Now, I guard my contact details as enthusiastically as someone in a witness protection programme.
I avoid filling out forms unless they're legally required.
Tax returns and school enrolment forms are pretty much the only documents I've had contact with recently.
I'm averse to the mountains of correspondence that inevitably accompany the release of your postal or email address.
I may have sponsored a World Vision child for the last fifteen or so years but I really don't need quarterly updates on every well that's been built within stone-throwing distance of the village.
I may have purchased a painting from your gallery but your missives are unlikely to reverse my policy of not acquiring a second piece from the same artist and/or gallery.
What you see as canny business sense I view as a failure to understand my need for eclecticism when it comes to procuring art - a need which, incidentally, would have driven me to your gallery in the first instance in order to seek out something fresh.
And, no, I do not do Fly Buys - as the lovely New World checkout ladies relentlessly establish every time I visit.
At the opposition supermarket the answer is similarly no: I don't have a Onecard either. And I really wish that the onus for remembering they had signed up for such a device was laid upon the people who had actually opted in.
Why should innocent members of the public be needlessly hassled each time they shop?
I shop two or three times a year at Country Road and every time I am admonished for not having a Country Road card.
There was a moment last week when I thought that possibly I wasn't going to be allowed to purchase two tops, one cardigan and a pair of jeans for my daughter - such was the disbelief of the sales assistant upon learning of my anarchist tendencies.
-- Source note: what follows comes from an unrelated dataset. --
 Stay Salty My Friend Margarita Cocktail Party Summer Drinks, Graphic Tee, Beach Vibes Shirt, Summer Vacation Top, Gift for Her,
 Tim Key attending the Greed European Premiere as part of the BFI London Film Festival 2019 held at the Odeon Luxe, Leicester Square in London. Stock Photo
I was asked for my name when purchasing a thirty dollar Smiggle voucher last month. I was like: "This is a thirty dollar Smiggle voucher not the code for a nuclear missile. I am so not telling you who I am."
While being invited to supply your details used to be a novelty, something we did willingly because it seemed personal and lent the illusion of connectivity, now that it's become a chore, almost an expectation, more and more of us are likely to refuse the opportunity.
I feel relief now when a shop isn't trying to get my name and contact details - whether overtly or by enticing me to enter a draw for a car or holiday.
I can't be the only person who's become tired of this intrusion.
I predict that switched on marketers will realise that, while this approach of frantically accumulating personal details was once was fresh and relevant, it's increasingly being interpreted as cynical and superficial.
It's time for savvy consumers to stop being complicit in this unashamed attempt to build databases and track our purchasing habits.